Cet ennemi ferroviaire va être judicieusement combattu, non en bloquant des trains – ça, c’est vulgaire, des méthodes dignes de cheminots wallons gréviculteurs –, mais en pavoisant fièrement la cité aux couleurs de la Flandre et en apposant un lion sur les plaques de rues… Que faut-il penser d’une telle initiative, qui semble à ce point absurde, sans aucun intérêt, quoique plutôt coûteuse, pour les Alostois surtout ? De la pure communication politicienne ? Il y a bien quelques Francophones, pire : quelques « allochtones » (comprenez : des immigrés ou descendants d’immigrés d’origine maghrébine pour lesquels le français est la langue véhiculaire) qui se sont installés à Alost, à la recherche d’un immobilier un peu plus abordable qu’à Bruxelles, mais prétendre qu’ils menacent le caractère flamand de la ville relève encore de ces galéjades dont le parti nationaliste nous abreuve.

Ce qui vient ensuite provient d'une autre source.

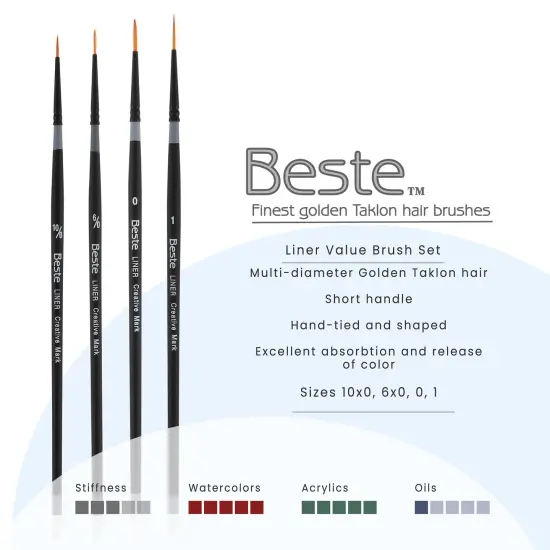 Creative Mark Beste Golden Taklon LinerSet of 4 Artist Brush, Professional Watercolor Brushes, For Acrylic Painting, Short Handle, Sharp Edges, Hand-Tied & Shaped {3}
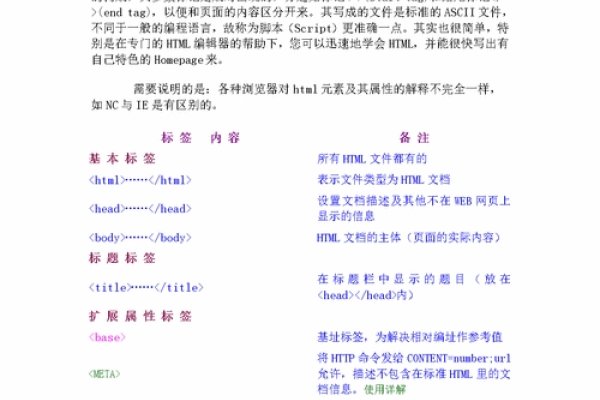 HTML，超文本标记语言缩写解析-百挑一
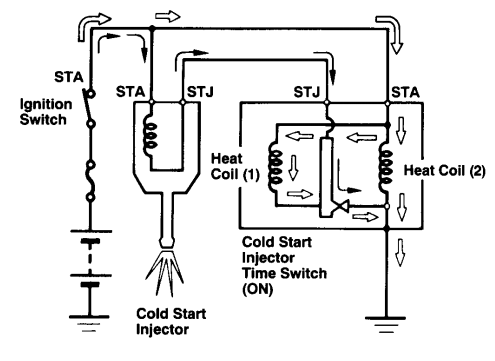 Cold Start Injector Voltage - YotaTech Forums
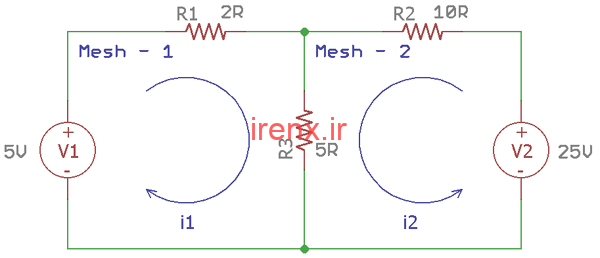 حل مثال تحلیل جریان مش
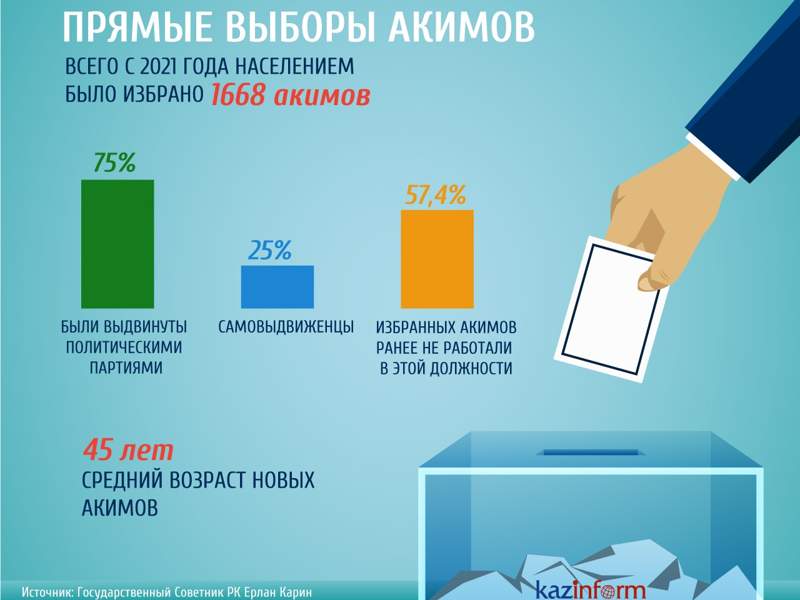 инфографика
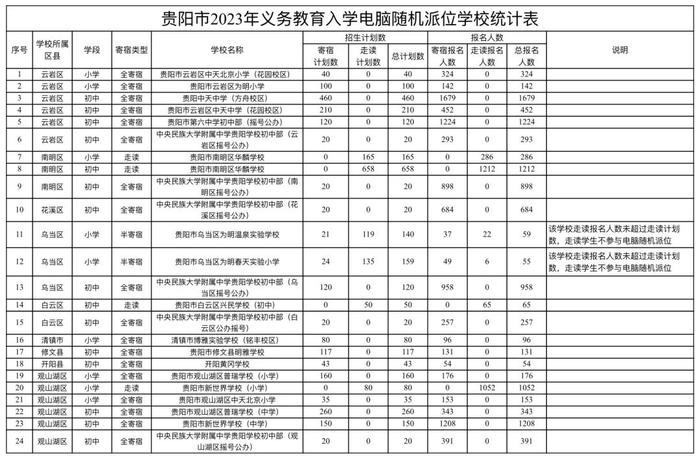 贵阳市2023年义务教育入学电脑随机派位学校统计表公布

L’appellation « échevinat (ou mieux : commissariat) aux affaires francophones » aurait sans doute été plus juste. Stop ! Ça suffit ! La N-VA n’est pas un parti raciste. C’est pourquoi la section locale entend confier ce nouvel échevinat à un transfuge du Vlaams Belang, Karim Van Overmeire, un des auteurs du plan en 70 points contre l’immigration porté par son ancien parti. Une référence. Le SP-a trouve l’idée fâcheuse et renâcle un peu. Le CD&V moins, il est vrai que les bourgmestres « chrétiens-démocrates » du Brabant flamand se sont particulièrement illustrés dans les mesures anti-francophones. Dans la législature qui vient, il faut s’attendre à d’autres mesures similaires, comme la fermeture de plaine de jeux pour les enfants francophones ou les intimidations aux commerçants du « Rand » qui vendent leur camelote en français. Ce « nationalisme banal » (Michael Billig) semble hélas avoir de beaux jours devant lui. Vexatoires ou franchement ignobles, elles feront jeter des cris d’orfraie d’indignation aux chroniqueurs des médias francophones, qui en appelleront à la Démocratie en page une, verseront des larmes de crocodiles sur les prochains licenciés d’une usine qui délocalise en page trois, et trouvent tout à fait normal la traque des chômeurs en page huit.